Sir Henry said that he and CEO Theo Spierings, had been in Asia last week and most people they met asked if the debate was impacting on the Co-operative’s stability and reliability as a partner.

“We have to put a stop to this and use the special meeting to unify the shareholder base so that we can get on with implementing the new refreshed business strategy. At the moment all we are doing is destroying value and compromising potential business opportunities.”

In January, Fonterra said several independent expert advisers were “running the ruler” over the scheme to “ensure the scheme preserves 100% farmer control and ownership”, as part of a comprehensive due diligence process.

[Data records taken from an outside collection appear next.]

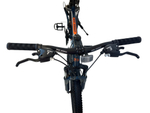 Велосипед Bike Dragon 20" 21скор (стальная рама, SunRun, диск. тормоз) BD-2-20-1 синий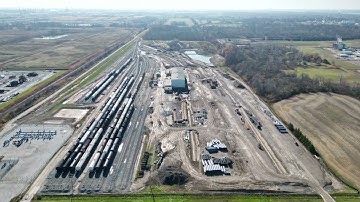 Cando Sarnia Terminal Expansion June 2023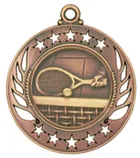 Galaxy Style Medal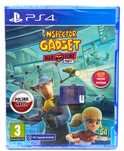 Inspector Gadget: Mad Time Party ps4, kup lub wymien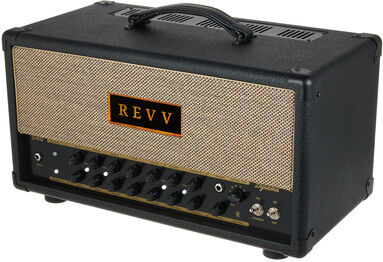Revv D40 Head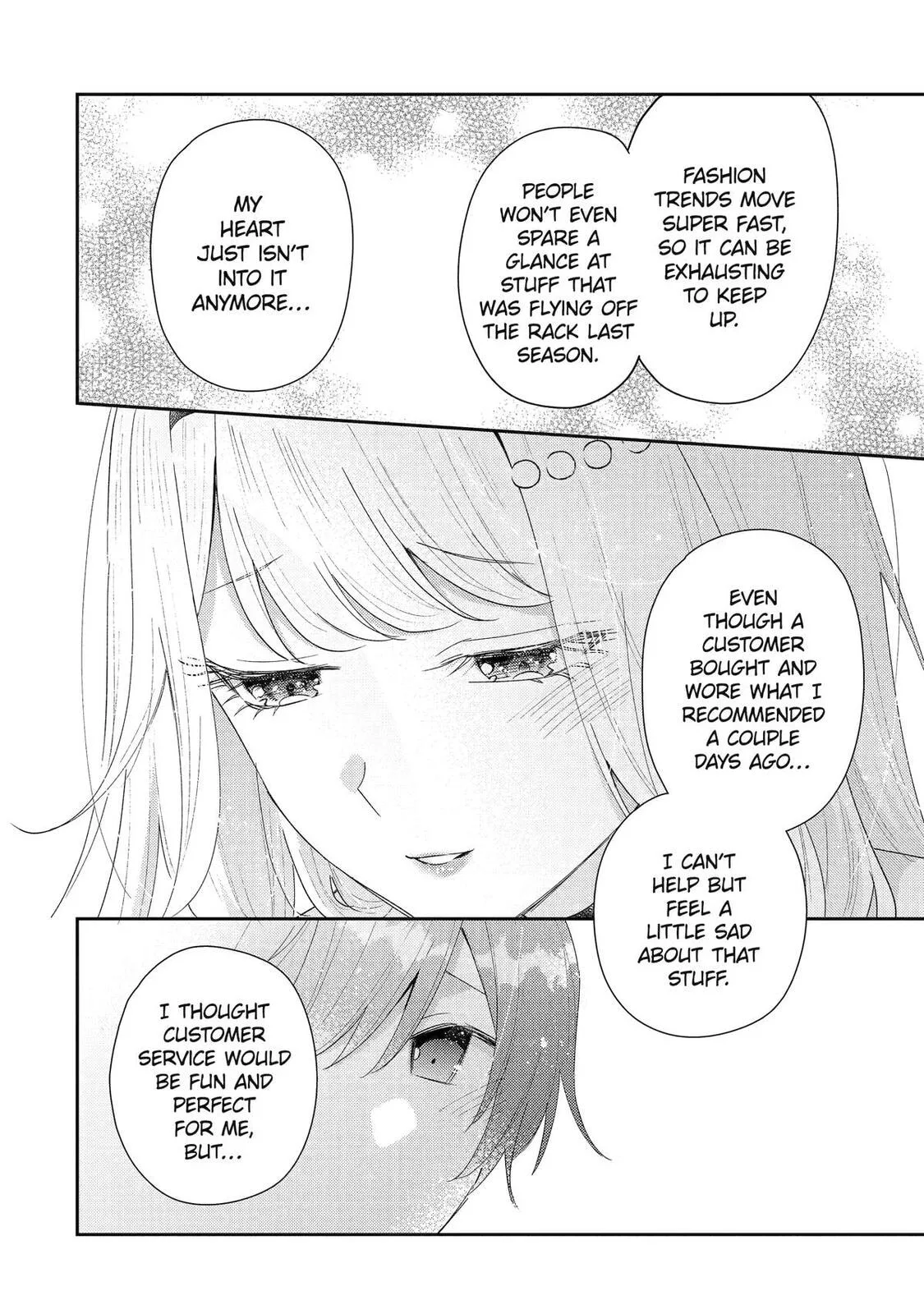 You Were Experienced, I was Not: Our Dating Story - Chapter 47 - Page 14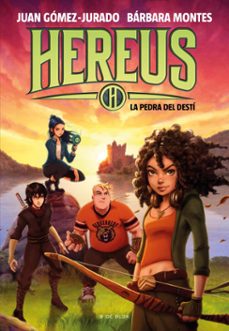 Portada de HEREUS (DE L'UNIVERS AMANDA BLACK) 2 - LA PEDRA DEL DESTI (EBOOK)
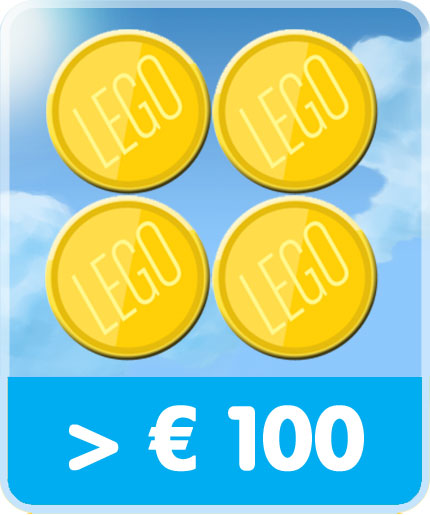 LEGO Sets tot 20 euro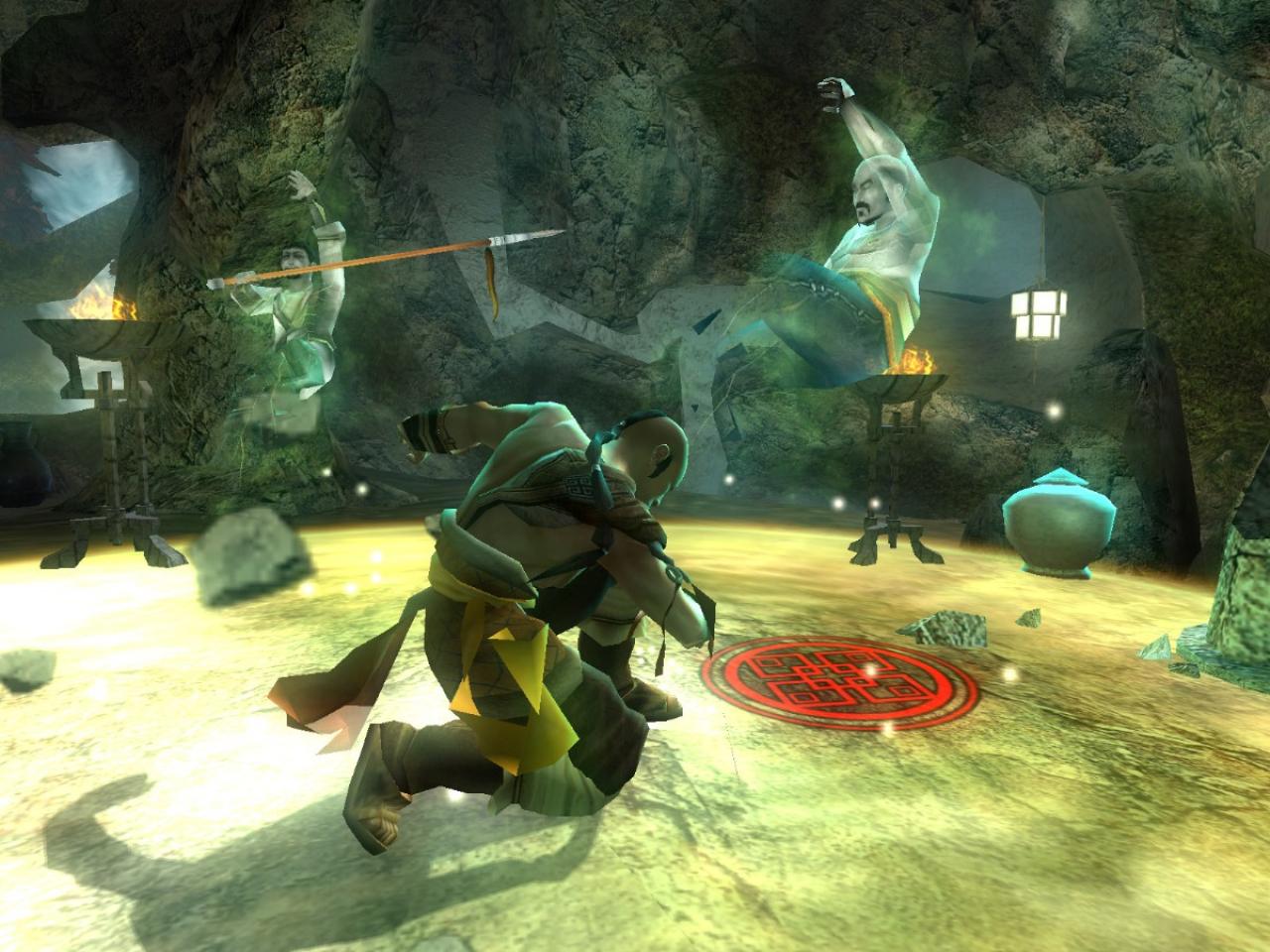 [06/02/2007] Jade Empire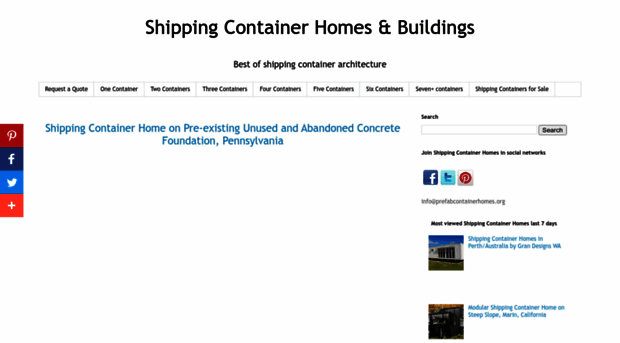 prefabcontainerhomes.org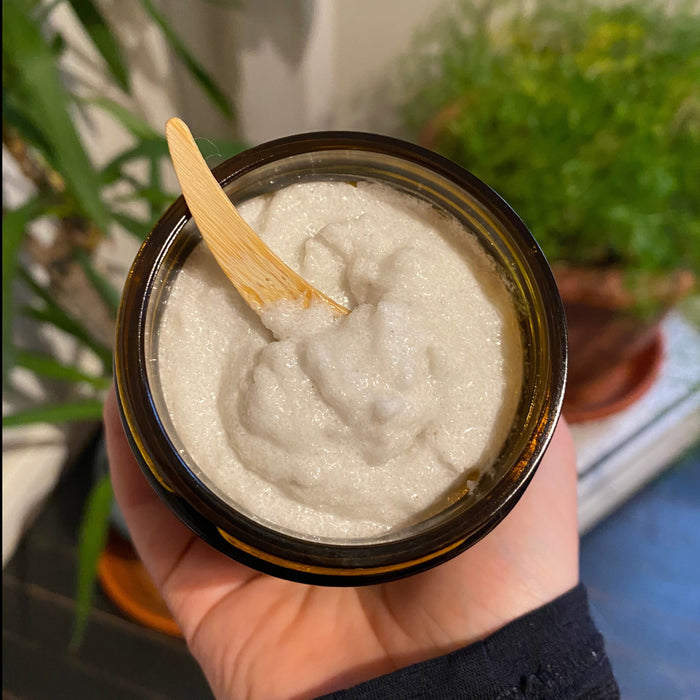 Exfoliant Mains et Pieds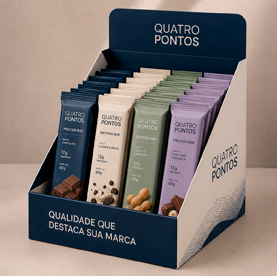 Displays para PDV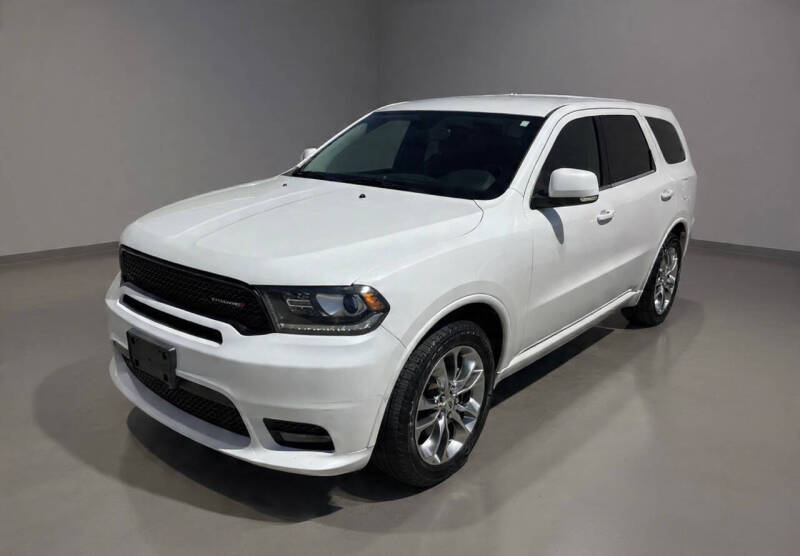 2019 Dodge Durango GT Plus
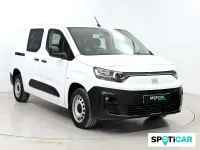 Usado Fiat Doblò 101 CV (74 kW) 2024 Blanco Monovolumen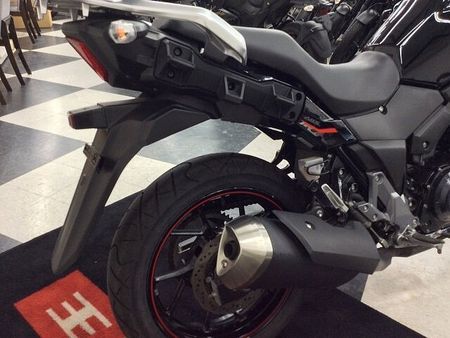 スズキ Vストローム250 Vストローム250【足つきも良く低速でも力強い☆】!! 22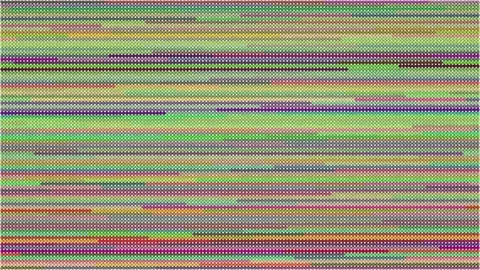 Colorful streaming background 스톡 동영상 327895199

Due diligence is expected to be completed by 25 June, at which time Fonterra said the council will have had the opportunity to consider “the fifth precondition”.

“The board will be in a position to give unqualified assurances on 100% control and ownership,” van der Heyden said. “We will be able to answer everyone’s questions with absolute confidence and the meeting will serve to remind all shareholders of the detail of the Trading Among Farmers package.”